We’re joined, however by Michelle Ricci, who penned the lake monster episode, as well as a number of fan favorites, including Murdoch Au Naturel. We have a brief chat with her about her writing, and the research that goes into each and every episode, as Yannick does a quick fly-by through the morgue set.
We have a brief but illuminating chat with the showrunner Peter Mitchell. Not only is Murdoch in safe hands, but it’s clear from his opinion and those of the rest of the cast and crew, that there are still many stories to tell, many mysteries to solve, and many sights to see.
We wander back to Dr. Ogden’s office, which is now filled with cages marked for specific phobia inspiring creatures, but they are still empty. We wait for the red light above the stage door to go out, while Yannick’s distinctive, soft-spoken delivery as Murdoch fills the set.
As the light switches off, Lemke, who works on props, flies by.
We get another brief moment to chat with Helene, while cameras reposition and get the set ready, including the arrival of a snake, and I’m happy to learn that Yannick and I both share a phobia of them.
I also got a huge smile from the fact that unless required Yannick wears an awesome pair of kicks instead of Murdoch’s shoes.
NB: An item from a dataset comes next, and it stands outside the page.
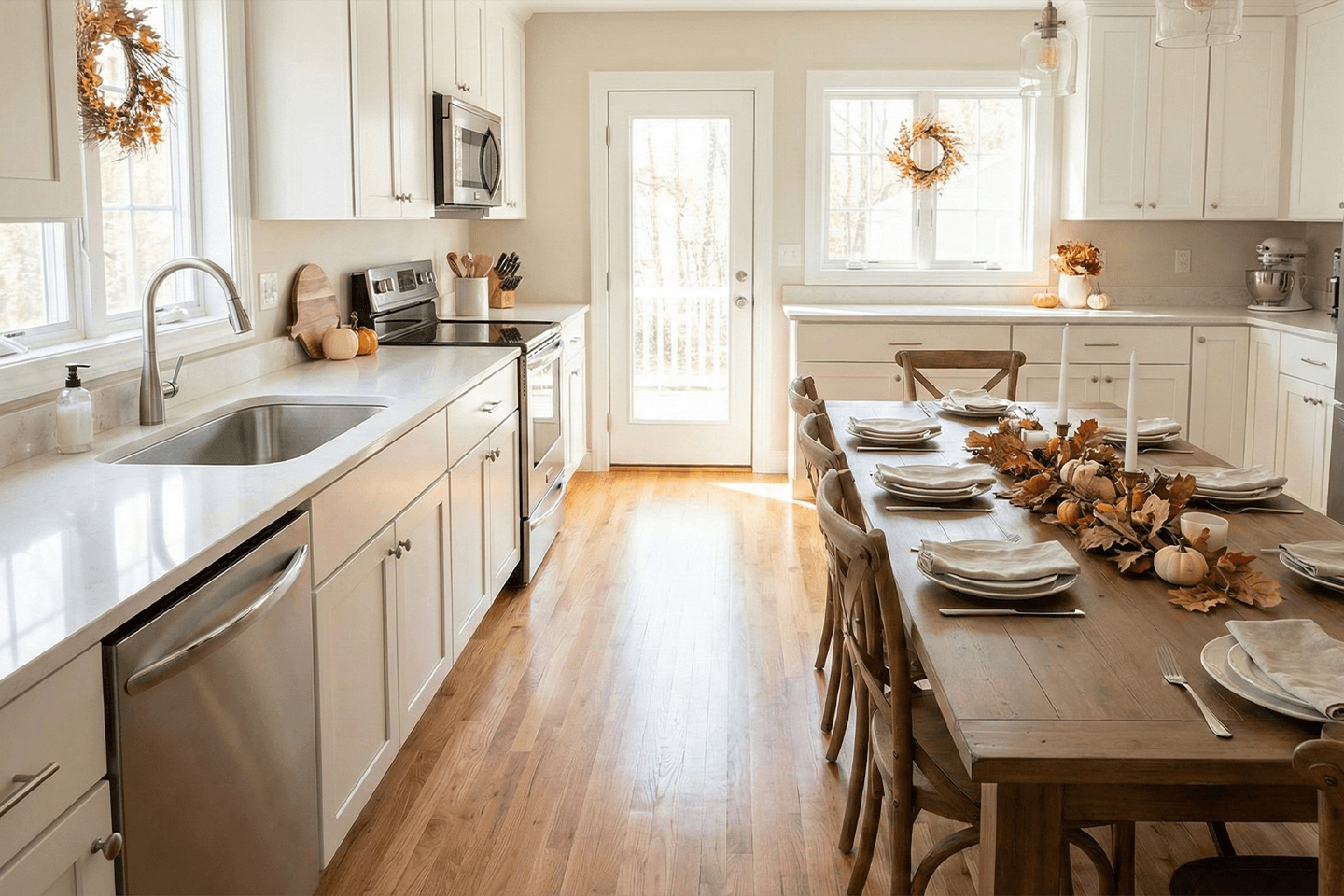 Thanksgiving kitchen after deep clean with clear counters and polished floors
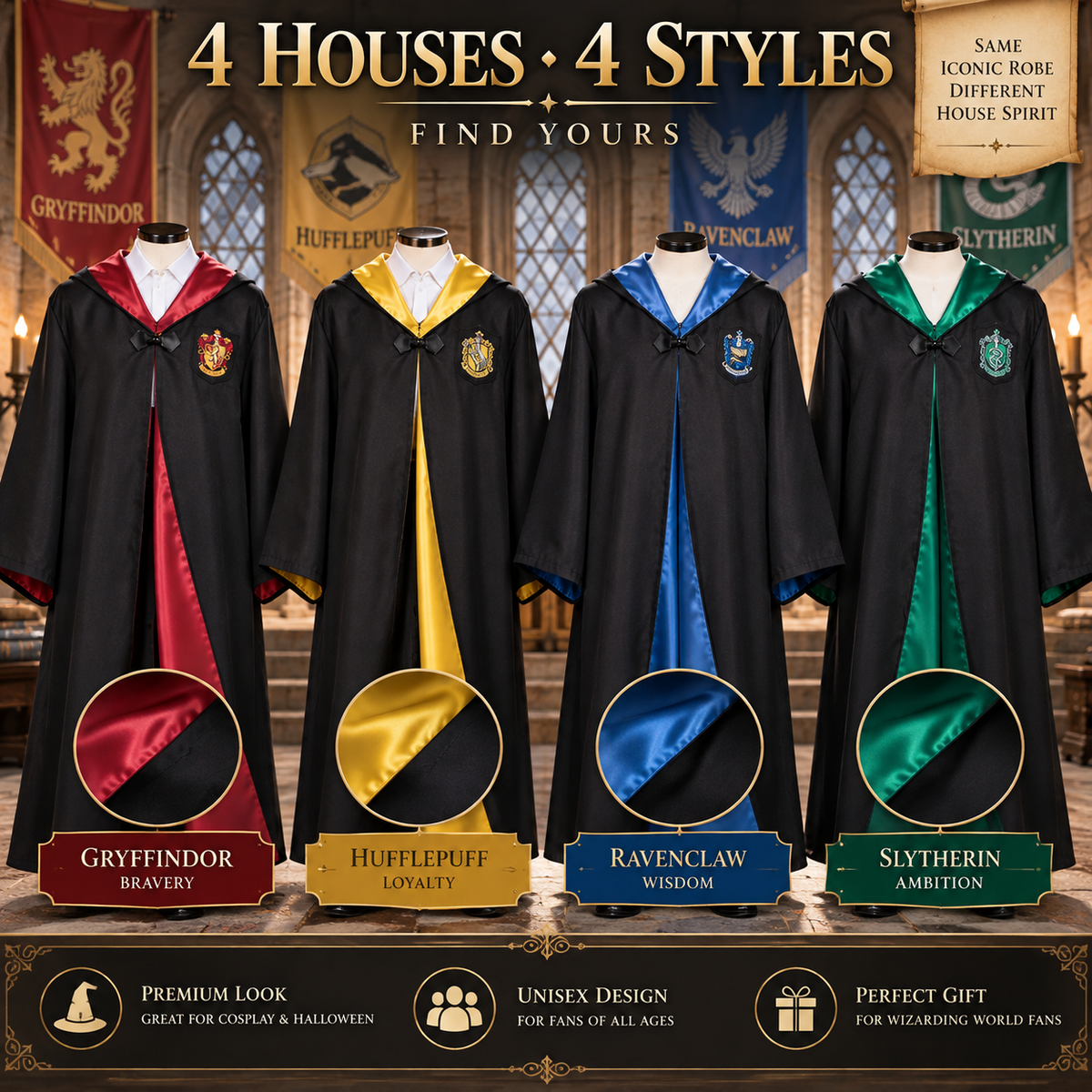 Harry Potter Hogwarts House Robe – Deluxe Wizard Costume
It helps to keep him comfortable on set – hidden secrets. It’s not really a surprise of course, it’s just cool.
Then, joyously, we get to chat with Yannick as well. And I came away completely stunned by the interview (I also realize that a couple of my questions could have been misinterpreted in a bad way, which was not my intent…). Yannick is a complete professional. He is everything that you would expect from the show’s lead, he’s warm, gracious, and honest. In short, he’s a complete charmer.
He knows his job, and he does it. Incredibly well. He’s proven to be an amazing leading man, and a strong and positive leader on the set. He helps to set the tone for the show on and off-screen, and while the set seems relaxed, it’s also an efficiently run one, and he and all those who work with him, help to create and foster that environment.
It’s an amazing place to be.
Lunch is called, and we worm our way through the craft services line, piling our plates high and we settled into the lunch room to chat with both Tanyas over lunch. We hear rumors of bugs after lunch, but Sue and I are eager to wander the backlot again at leisure, as well in addition to watching a little more filming.
Rehearsals kick into gear after lunch and the director walks Yannick and Helene through the scene, as they work together to bring the story to screen.
It’s amazing to watch, but it’s almost time to go. We get a wander through the backlot again, which is so much fun to play in.
From there Tanya takes up to wardrobe where we get a chance to talk with Alex Reda, as we eye the fantastic costumes he and his department create each week. There are stunning costumes here, the level of detail, just like on the sets, is amazing. Alex is happy to show us around and amaze us with items and designs.
We begin to wander our way out through the sets, making our goodbyes, not wanting to leave it behind, everyone has been welcoming and friendly.
Murdoch Mysteries has made a name for itself as a brilliant television series, and every one involved goes above and beyond to make it so. Every department gives it’s all, and every week it is on the screen for everyone to see.
It’s no wonder that the show’s fans are so passionate. That passion is shared by those who make the show, crafting each episode, meticulous in performance and detail.
Sue and I wander through the burgeoning 20th century, making our goodbyes, expressing our thanks, before finding ourselves back in the sweltering heat of the 21st century.
We look at each other, stunned. Did that just happen?!
We cannot express our thanks enough for all that we saw and did, for those who found time to chat with us. Thank you to each and everyone of you.
Season 7 looks to be the best season yet, and that’s saying something given the brilliant track record of the seasons that came before!
What a great day!!
Murdoch Mysteries airs Mondays on CBC.